People paint and stain their decks constantly. The success rate of making it last is not very good. Without following all the manufacturers recommendations, the stain will fail fast. Even if you do the prep and staining properly the stain might still fail. Sometimes as early as the following year. When the stain fails, the only fix is a complete striping, down to the original wood. If you use chemical strippers, the wood needs to be washed with bleach or a wood neutralizer. If any of the stripping chemical stays in the wood fibres, coating failure is guaranteed.
The following are some factors that would make deck staining fail:
– The deck was built too close to the ground and moisture finds its way through the deck.
– The stain was applied too early in the morning when morning dew was present.
– The staining was done too late at night with the temperature dropping below the recommended degrees.
– It was too early in the spring, too late in the fall.
– It was applied under direct sunlight and the surface was too hot to the touch.
– The wood was too new and internally moist.
– The surfaces were not prepared to open the pores of the new wood (remove mill glaze.
– Surfaces were too wet from a freshly done pressure wash.
– Previous failing paints were not stripped 100%.
– After stripping, surfaces were not neutralized off the stripping chemicals.
– There was a waxy type of sealer or waterproofing on it previously.
– The wood was not brightened properly and dead wood fibers were not removed.
– Good quality products were not used.
All the above reasons and of course the small window of opportunity we have for deck staining in Toronto, makes this a mission impossible.
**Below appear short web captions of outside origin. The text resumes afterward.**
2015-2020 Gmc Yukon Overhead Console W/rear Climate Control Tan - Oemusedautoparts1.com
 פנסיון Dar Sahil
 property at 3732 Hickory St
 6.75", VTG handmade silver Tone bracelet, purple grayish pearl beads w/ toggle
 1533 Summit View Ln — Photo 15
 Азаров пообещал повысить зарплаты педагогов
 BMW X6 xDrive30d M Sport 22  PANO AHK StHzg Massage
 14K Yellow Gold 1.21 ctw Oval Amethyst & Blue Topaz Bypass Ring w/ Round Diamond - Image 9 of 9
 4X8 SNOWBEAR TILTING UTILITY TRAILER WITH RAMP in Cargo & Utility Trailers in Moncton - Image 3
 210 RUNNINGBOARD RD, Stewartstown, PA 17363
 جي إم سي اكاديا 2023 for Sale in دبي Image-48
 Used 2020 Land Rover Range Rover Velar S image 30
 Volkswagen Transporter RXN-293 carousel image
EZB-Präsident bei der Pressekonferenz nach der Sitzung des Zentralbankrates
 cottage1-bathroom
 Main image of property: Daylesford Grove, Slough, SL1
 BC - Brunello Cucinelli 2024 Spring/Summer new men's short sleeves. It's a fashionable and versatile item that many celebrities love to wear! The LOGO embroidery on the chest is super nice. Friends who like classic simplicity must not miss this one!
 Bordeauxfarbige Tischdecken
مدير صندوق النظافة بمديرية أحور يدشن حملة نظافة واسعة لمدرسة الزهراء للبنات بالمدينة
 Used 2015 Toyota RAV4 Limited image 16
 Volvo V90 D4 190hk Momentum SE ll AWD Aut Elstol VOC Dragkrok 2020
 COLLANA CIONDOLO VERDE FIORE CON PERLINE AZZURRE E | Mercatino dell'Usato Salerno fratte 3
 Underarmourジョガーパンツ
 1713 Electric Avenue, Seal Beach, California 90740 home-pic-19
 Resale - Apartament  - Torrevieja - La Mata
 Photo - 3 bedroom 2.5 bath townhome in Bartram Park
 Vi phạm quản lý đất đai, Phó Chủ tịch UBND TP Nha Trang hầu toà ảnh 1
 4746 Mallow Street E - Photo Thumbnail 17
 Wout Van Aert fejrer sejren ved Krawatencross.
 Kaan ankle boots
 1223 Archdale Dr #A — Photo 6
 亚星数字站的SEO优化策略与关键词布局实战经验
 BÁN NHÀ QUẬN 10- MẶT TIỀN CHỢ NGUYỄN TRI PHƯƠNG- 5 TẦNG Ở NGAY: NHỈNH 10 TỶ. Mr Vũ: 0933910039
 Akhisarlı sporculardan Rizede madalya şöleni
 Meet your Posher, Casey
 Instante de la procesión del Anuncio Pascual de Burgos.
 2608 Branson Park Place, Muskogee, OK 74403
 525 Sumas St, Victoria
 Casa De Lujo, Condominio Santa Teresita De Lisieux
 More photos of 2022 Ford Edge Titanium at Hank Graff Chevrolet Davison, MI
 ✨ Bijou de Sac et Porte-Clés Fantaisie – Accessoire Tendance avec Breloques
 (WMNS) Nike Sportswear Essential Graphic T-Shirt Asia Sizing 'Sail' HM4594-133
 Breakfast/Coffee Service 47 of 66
Some decks are not even built properly for staining. For example, there is one deck we returned to redo for the past three years. The deck is built too close to the ground and the moisture penetrates the wood. Year after year the stain blisters and flakes off. Most stains are made to resist the external weather elements, not the internal moisture. This is more difficult to deal with now because of the chemical changes in coatings. The high level of VOC in stains were a valid concern for the environment. Unfortunately, water based stain products do not do a good job of penetrating the surface. Because they do not penetrate the wood they are “film forming” coatings. Sourcing the right product for a difficult situation was almost impossible for the customer.
We did finally source a penetrating oil product that used to work in the past. It was an oak coloured semi translucent stain made by a well known company. This type of stain was often used on public parks and docks. We followed all manufacturers recommendations as usual. We stripped the peeling stain first, sanded the surfaces, washed and neutralized the wood and let it dry for a few days. Here is hope that this time the stain will not flake off again.
Update: we saw the deck the following summer and the result was again disapointing. The stain did not hold very well. The internal moisture was too much again. It was easier to remove the failing product this time because the stain did not form a film on the surface.
Any more attempts to stain this deck would be a waste of money and effort. The only solution is to leave the deck unfinished so that the moisture can move through or redo the deck. This time they should build it higher from the ground. The customer was understanding and likely proceeded with one of the suggestions.